L’Organisation arabe pour l’éducation, la culture et les sciences (ALECSO) a inscrit la médina de Fès dans la première liste de son registre du patrimoine architectural et urbain. Cette reconnaissance régionale consacre l’importance historique de ce site emblématique, tout en ouvrant la voie à une réflexion sur les enjeux contemporains de préservation, d’écologie urbaine et de développement durable.

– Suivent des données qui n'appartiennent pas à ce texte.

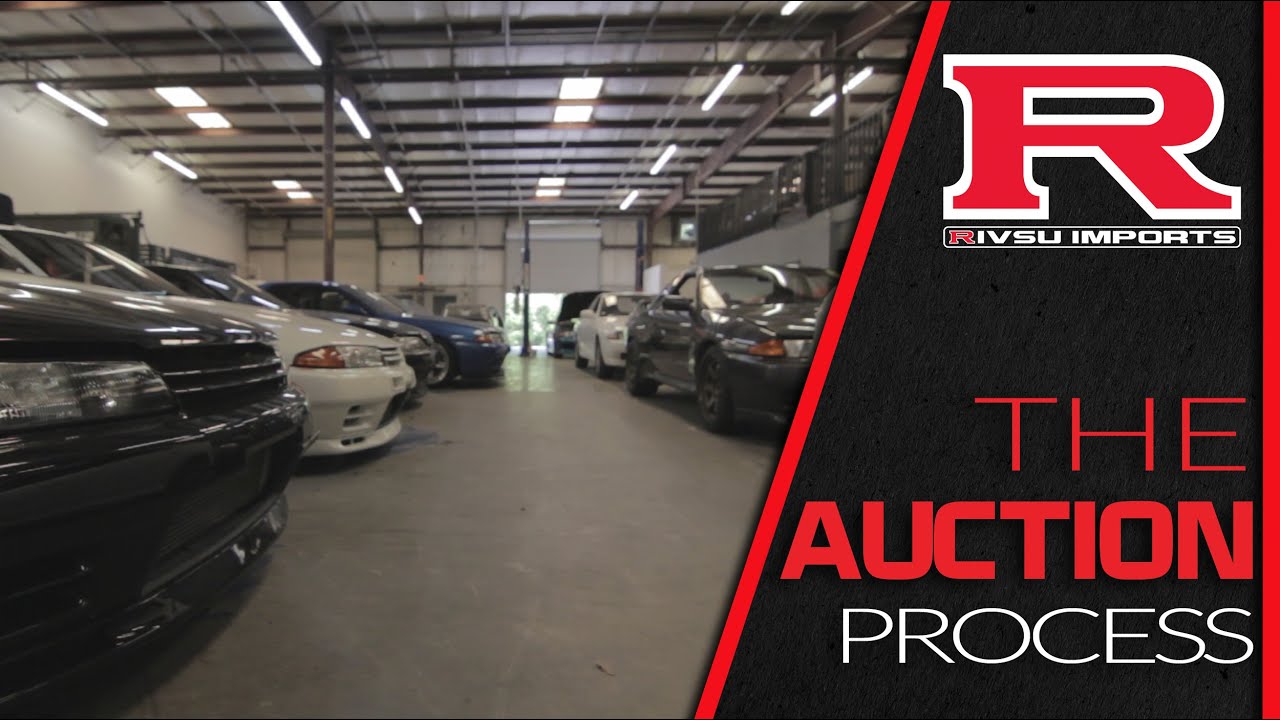 Rivsu Imports Auction Process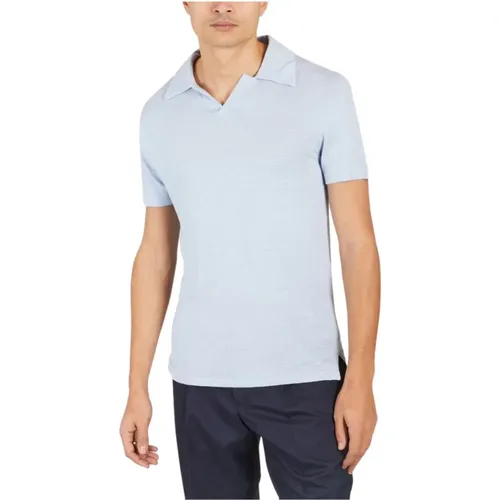 Tops > Polo Shirts - - Officine Générale - Modalova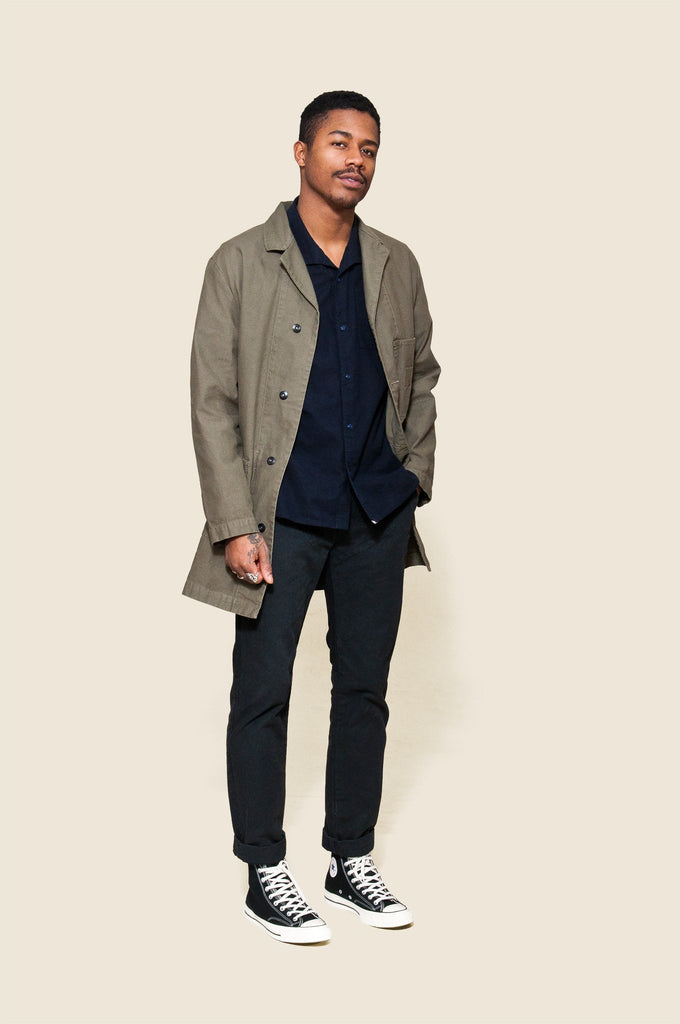 Garbstore Miner Pant Navy at shoplostfound, Jason
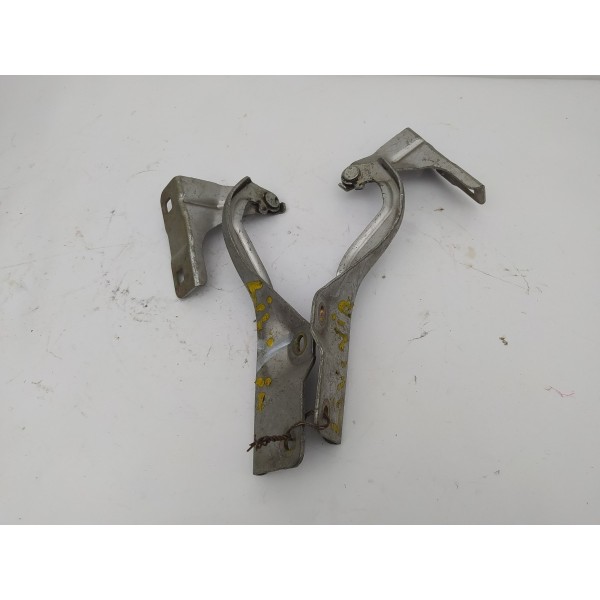 Par Dobradiça Capô Dianteiro Nissan Livina 2011 2012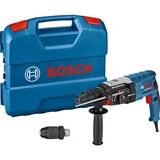 Bosch GBH 2-28 F Professional 880 W 900 tr/min SDS Plus, Marteau piqueur Bleu/Noir, SDS Plus, Noir, Bleu, Rouge, 2,8 cm, 900 tr/min, 3,2 J, 4000 bpm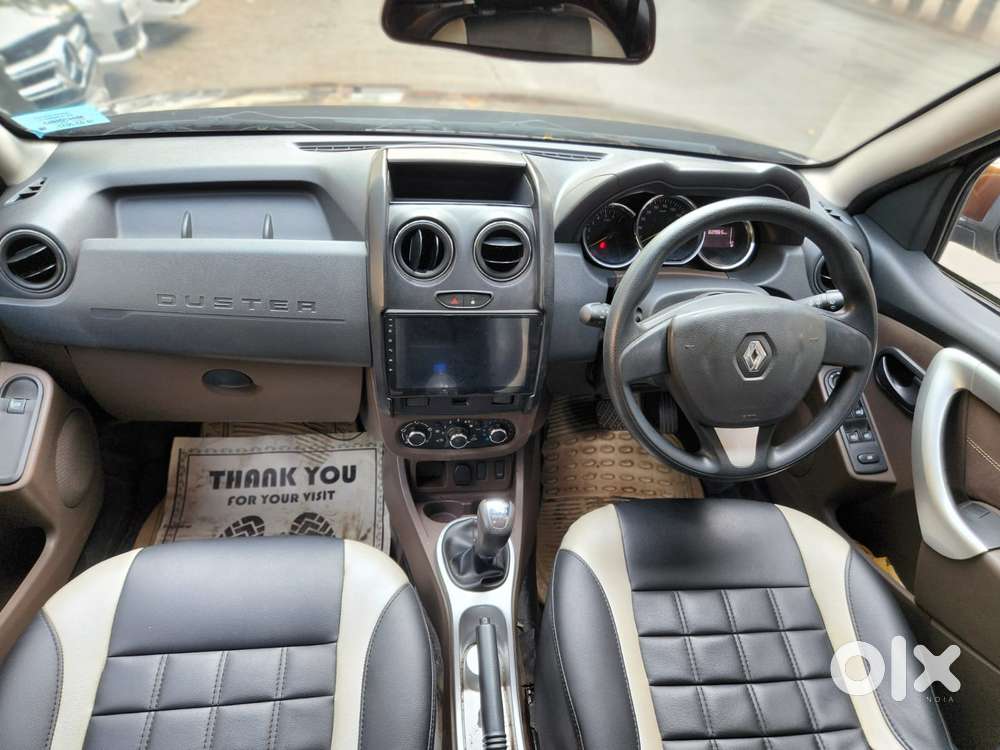 Renault Duster 110ps Diesel Rxl Amt, 2017, Diesel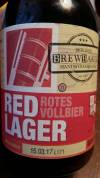 BrewBaker Red Lager Etikett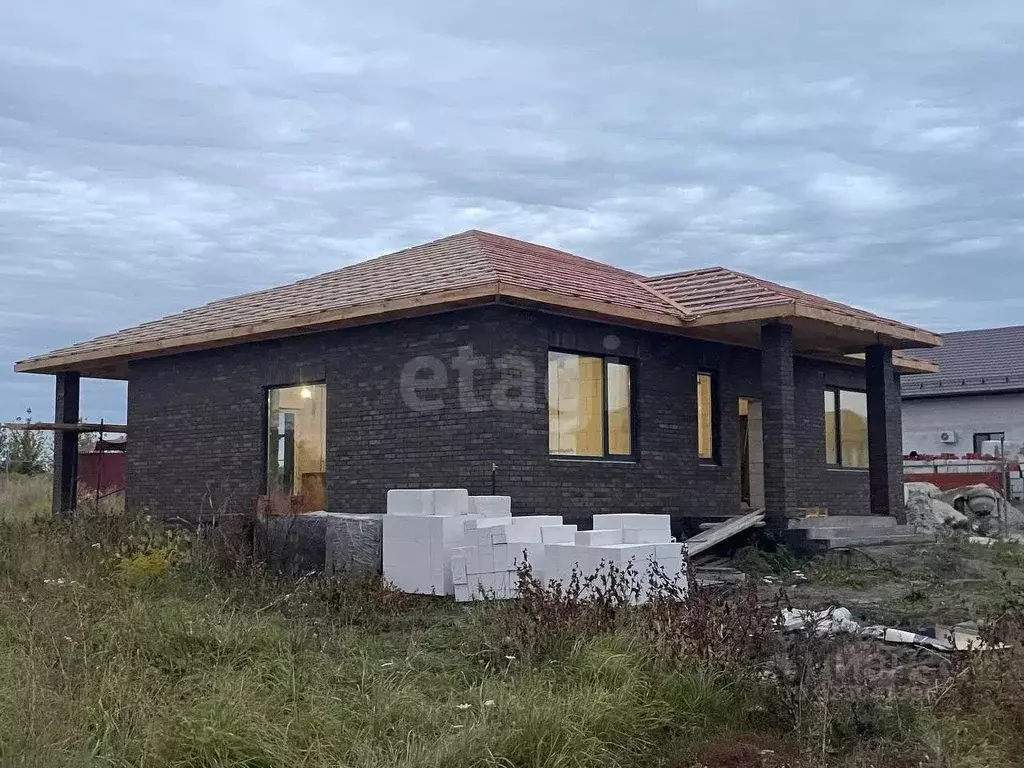 Дом в Курская область, Курский район, Рышковский сельсовет, Кислино ... - Фото 1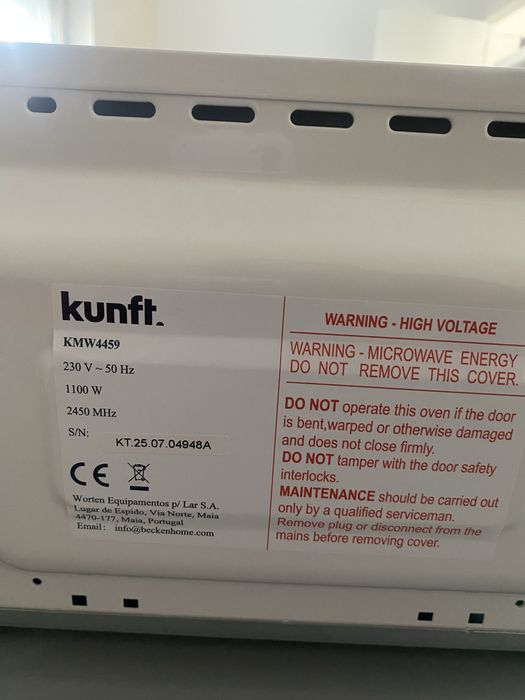 Microondas Kunft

Préserver la mémoire vivante : un enjeu social de première importance
La médina de Fès, l’une des plus anciennes et vastes cités historiques du monde arabe, est bien plus qu’un site patrimonial, c’est un espace habité, actif, où la vie sociale, religieuse et économique continue de battre son plein. Contrairement à des centres historiques transformés en musées à ciel ouvert, la médina est encore profondément enracinée dans le quotidien de ses habitants. Sa conservation ne vise donc pas seulement la protection de l’architecture, mais aussi celle du tissu humain et des pratiques culturelles qui s’y perpétuent. Préserver la médina, c’est préserver une mémoire collective vivante, un réservoir de traditions, de savoir-faire artisanaux et de pratiques sociales enracinées dans l’histoire.
Réhabiliter sans dénaturer, le défi écologique
Sur le plan environnemental, la médina de Fès offre un modèle d’urbanisme durable inspiré par des siècles d’adaptation au climat local. L’architecture traditionnelle y est bioclimatique par nature : murs épais en pisé, ruelles étroites protégeant du soleil, patios intérieurs favorisant la ventilation naturelle. Ces éléments réduisent la dépendance à l’énergie moderne. La réhabilitation de la médina représente une alternative écologique crédible face à la démolition-reconstruction souvent pratiquée dans les centres urbains modernes. Restaurer, plutôt que reconstruire, permet de préserver l’empreinte carbone existante tout en prolongeant la vie des matériaux locaux (chaux, bois, terre) déjà durables par essence.
Un moteur pour un développement économique inclusif
L’inscription au registre de l’ALECSO renforce l’attractivité de la médina sur les plans culturel et économique. Elle valorise un patrimoine qui peut devenir un véritable levier pour un développement local inclusif. Le tourisme culturel, s’il est bien encadré, peut générer des revenus durables pour les habitants tout en soutenant les métiers traditionnels. L’artisanat, les petits commerces et les chantiers de restauration offrent de nombreuses opportunités d’emploi local. Intégrés dans des circuits courts et des dynamiques d’économie circulaire, ces secteurs peuvent soutenir une économie résiliente, ancrée dans les ressources locales et capable de résister aux aléas extérieurs.
Gouvernance et droit à la ville : pour une médina habitée et partagée
La durabilité de la médina ne peut reposer uniquement sur des efforts techniques de restauration ou sur l’attraction touristique. Elle dépend aussi de la capacité des institutions à mettre en place une gouvernance partagée, qui inclut les habitants, les collectivités, les architectes, les associations et les experts du territoire. Les politiques de réhabilitation doivent respecter le droit à la ville des habitants et garantir l’accessibilité aux services, à l’habitat décent et à l’espace public. Il s’agit de préserver une ville vivante, ancrée dans son histoire, mais ouverte à l’innovation sociale et urbaine.
Une reconnaissance qui engage l’avenir
L’inscription de la médina de Fès au registre de l’ALECSO constitue une reconnaissance de son importance historique et culturelle dans le monde arabe. Mais elle doit surtout être un levier pour renforcer les politiques de préservation durable, à la croisée des enjeux sociaux, écologiques, économiques et politiques.
Fès a l’opportunité de devenir une référence dans la gestion durable des médinas, en plaçant ses habitants au centre des projets, en valorisant les ressources locales, et en inventant un modèle de développement où patrimoine et avenir ne s’opposent plus.